Results 1 to 16 of 16
  1. #1
    SitePoint Zealot
    Join Date
    Jul 2005
    Location
    Osoyoos BC Canada
    Posts
    178
    Mentioned
    0 Post(s)
    Tagged
    0 Thread(s)

    Adding Japanese text in a page of English.

    I've been asked to include some Japanese characters into a page of a site I wrote a while back using charset=ISO-8859-1.

    It isn't possible/practical to rewrite the site using another charset (UTF-8 / 16 /whatever) just to be able to include a couple of Japanese characters, so can I change charsets for just a <span> or is there a better way to achieve this?

    I've thought of creating a graphic of the characters and just plonking that in the page at the appropriate place, (I realize it wouldn't 'scale' with control+ and -) but would rather do it properly!

    Thanks for any input.

  2. #2
    In memoriam gold trophysilver trophybronze trophy Dan Schulz's Avatar
    Join Date
    May 2006
    Location
    Aurora, Illinois
    Posts
    15,495
    Mentioned
    0 Post(s)
    Tagged
    0 Thread(s)
    No you can't, since the character encoding is for the entire page. Now, why isn't it possible/practical to re-save the page as UTF-8?

  3. #3
    SitePoint Zealot
    Join Date
    Jul 2005
    Location
    Osoyoos BC Canada
    Posts
    178
    Mentioned
    0 Post(s)
    Tagged
    0 Thread(s)
    Thanks Dan,

    I'm afraid this is an area where I have to admit my ignorance.

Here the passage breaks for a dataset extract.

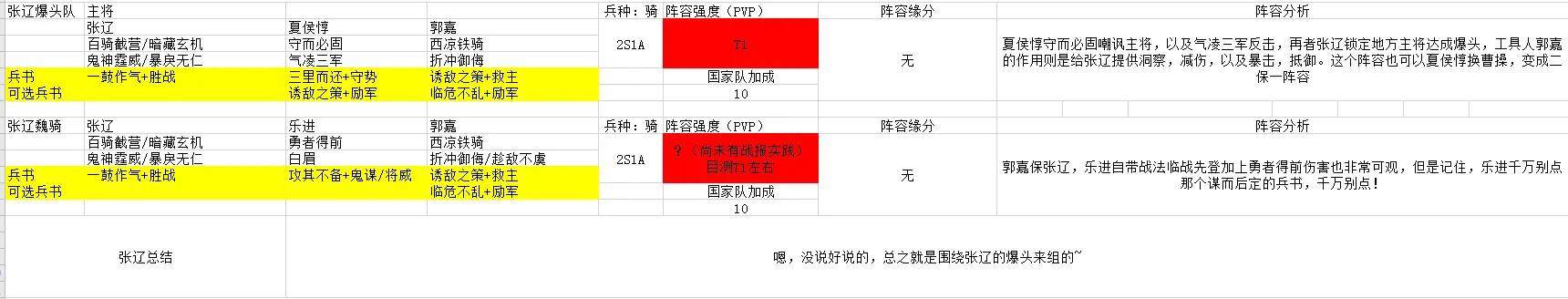 三国志战略部S2强势阵容盘点 S2阵容强度排行一览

    The Japanese characters I was sent to insert are in a word document and seem to be using charset=Shift_JIS . I'm totally at a loss as to how to map these to UTF-8.. (I use Open Office and don't actually have a copy of Word) If I open the doc in an actual copy of word, does word have an option to save as a different charset?

    I could switch the charset for the one page that needs to include these characters to Shift_JIS but I presume(?) that will mess up the English characters.

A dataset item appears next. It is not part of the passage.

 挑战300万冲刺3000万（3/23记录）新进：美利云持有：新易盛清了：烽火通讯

    I think that changing the charset from ISO-8859-1 to UTF-8 will retain the English text intact since as far as I can see the basic ascii character set is mapped the same in both. So, thinking about it more my problem is converting Shift_JIS to UTF-8. I haven't a clue what the Japanese characters mean so might be writing something totally different!

    Am I on the 'right' track?

  4. #4
    In memoriam gold trophysilver trophybronze trophy Dan Schulz's Avatar
    Join Date
    May 2006
    Location
    Aurora, Illinois
    Posts
    15,495
    Mentioned
    0 Post(s)
    Tagged
    0 Thread(s)
    From what I can tell you are on the right track. One thing you could probably do is use UTF-8 for the character encoding and then write the page in Japanese, then use the lang attribute for those sections of the page that are in English (or the other way around). I'm not sure if it would work in your particular case though.

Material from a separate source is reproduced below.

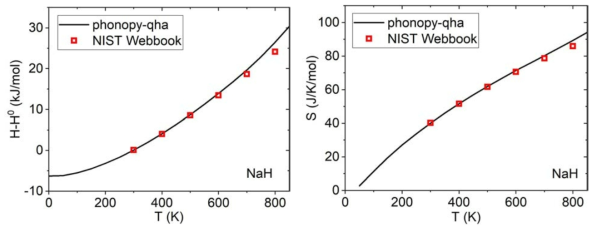 At least up to 600 K, the calculated enthalpy corresponds well with the experimental data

    Only one way to find out, of course.

  5. #5
    SitePoint Zealot
    Join Date
    Jul 2005
    Location
    Osoyoos BC Canada
    Posts
    178
    Mentioned
    0 Post(s)
    Tagged
    0 Thread(s)
    Only one way to find out, of course.


    It's on my 'to do' list for tomorrow,I'll post my thoughts after the experiment(s).

    Mahalo!

  6. #6
    SitePoint Zealot
    Join Date
    Jul 2005
    Location
    Osoyoos BC Canada
    Posts
    178
    Mentioned
    0 Post(s)
    Tagged
    0 Thread(s)
    Worked..

    Changed the charset to utf-8 and couldn't see any corrupted characters in the existing site.

    First, I tried to cut/paste Japanese characters from word doc into my text editor (notepad++) which just produced question marks. (I haven't yet found a switch to tell notepad++ to use utf-8 as it's default character set, but presume there is one somewhere?)

    The I tried in Dreamweaver, & the Japanese characters showed up.

    Uploaded as a new include file and it works..


    http://www.issw2008.com/index.php?p=japanese

    I've checked the result in Firefox/Opera/IE windows and Safari/Mac and all looks good so far.



    Thanks!

  7. #7
    SitePoint Zealot
    Join Date
    Jul 2005
    Location
    Osoyoos BC Canada
    Posts
    178
    Mentioned
    0 Post(s)
    Tagged
    0 Thread(s)
    the lang attribute.

    The site doesn't have a lang attribute, but googling/reading about it I see that it (perhaps, there seems to be much dissent) helps user agents, search engines and AU text readers.

    Again I'm finding the actual 'implementration' of this hard to get firm facts about. The site is xhtml, it appears that I can set the lang of the whole site by adding to the <html xmlns="http://www.w3.org/1999/xhtml">
    tag thus:

    <html lang="en" xml:lang="en" xmlns="http://www.w3.org/1999/xhtml">


    Now the whole site is defined as being in English, so I can indicate that the Japanese 'bits' are different thus:


    <p lang="jp" xml:lang="jp">日本語</p>

    or

    <p>Japanese <span lang="jp" xml:lang="jp">日本語</span>.</p> (If 'within' a containing element, such as this <p></p>)

    or

    <div lang="jp" xml:lang="jp">
    <p>日本語</p>
    <p>日本語</p>
    </div> (if more than one consecutive Japanese element)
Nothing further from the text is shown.